I mean, with great success was an important part of his plank.
And, you know, in a way, I mean, he said he was going to increase the military budget.
But the only time Trump has generally been pretty successful in achieving, you know, what he said he would do, except when it comes to foreign adventures and the military.
And, you know, he said he wanted to pull out of Afghanistan.
We're still there.
He said he wants to pull out of Syria.
Well, that got nixed.
He said, actually, his projected budget for 20 defense budget for 2020 was a cut down to a mere 700 billion dollars.
And there was an immediate scream of rage from the you know, the military, the military's, you know, very large caucus in in Congress and from the Pentagon.
And hey, presto, suddenly the amount gets put up to, you know, they get an increase instead to 750.
So, you know, Trump himself, I really don't think wants to go to war with Iran, but he's an idiot.
And so therefore he can't, you know, when, you know, the people around him, you know, the spokesman for the neocons like Bolton and for the military industrial complex who think a nice little war would be good for them.
I mean, good for the good for the budget.
He doesn't seem to know how to stop it.
Well, we'll see.
But that's my read.
You're exactly right.
Of course.
And this is exactly as I predicted, right?
He has some, as people say, instincts against this, but he doesn't know anything, which means he can't win an argument with anyone on his staff.
Right, right.
You got it exactly right.
He's an idiot.
It's really too bad, too, because, I mean, the whole thing with being kind of an anti-government sort of populist right winger is you have that whole Jacksonian let's go kick butt thing, but then you also have, you know, essentially a rejection or a refusal to kind of really assent to this whole doctrine of liberal hegemony in the post-World War II order of peace and friendship or whatever they call the American Empire.
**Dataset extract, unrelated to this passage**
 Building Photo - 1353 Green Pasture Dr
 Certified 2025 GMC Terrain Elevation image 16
It's a load of garbage and it's pretty hard to believe in if you're not really on the inside of the party, you know, in power.
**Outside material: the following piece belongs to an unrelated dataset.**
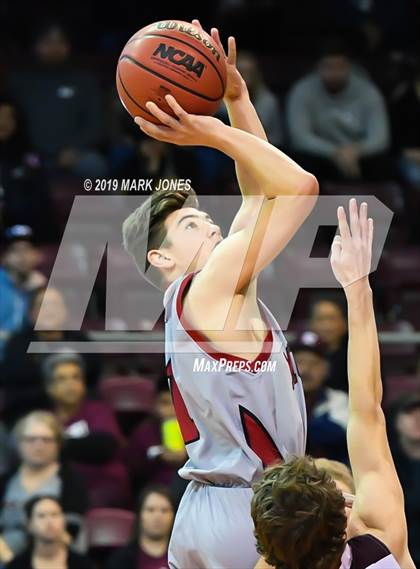 Thumbnail 3 in Ray vs. Mogollon (AIA 1A Semifinal)   photogallery.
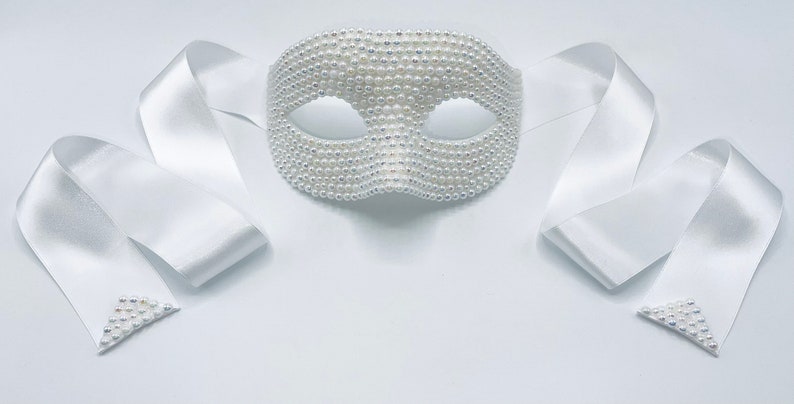 AB White Pearled Mask w/Satin Ribbon zdjęcie 4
And so somebody like him can really disbelieve in the whole thing.
But then, as you say, he just ain't read enough to stand up for his own view there.
And so the kick butt part, you know, ends up kicking in instead.
And John Bolton talks tough and I like a guy who talks tough.
And so there you go.
That's right.
That's right.
Anyways, yeah, the money.
You know what, Gareth Porter writes this in his book, Perils of Dominance, and some of it, he actually had a new article about this, what, half a year ago or something in Truthout about how, maybe less than that, about how the Vietnam War, it was all about the military and the Navy.
I think it was the Navy he was citing where they were saying that, oh yeah, no, there's a threat to the budget.
We've got to figure out, we have to get some guys on the ground in Vietnam immediately.
I might be confusing my services.
I thought that was what it was.
But anyway, that essentially, that was the root of the Vietnam War was, again, the departments of the military themselves saying we have to find something to do here right now before they take our money away.
Exactly right.
I mean, Gareth's work has been tremendous on that.
And it actually ties in with what I say in this Harper's piece, because just before they went to, you know, they started to build up in Vietnam was when the rate of growth in defense spending was dipping perilously toward that 5% line.
And, you know, hey, presto.
Suddenly, you know, we faced an awesome communist threat in Vietnam and off they went.
It's exactly the system reacting.
And it's sort of uncanny.
That's why I say- And again, wait, clarify again, that 5% signifies what again?
Well, since if you look at if you draw a line of the defense budget from the end of the Korean War to now, you know, if you calculate the amount we have now is at or just slightly actually is pretty much on, but a little tick maybe below, which has been corrected.
The rate of what it would have been if the rate of the budget, it's simply grown at 5% a year ever since 1954.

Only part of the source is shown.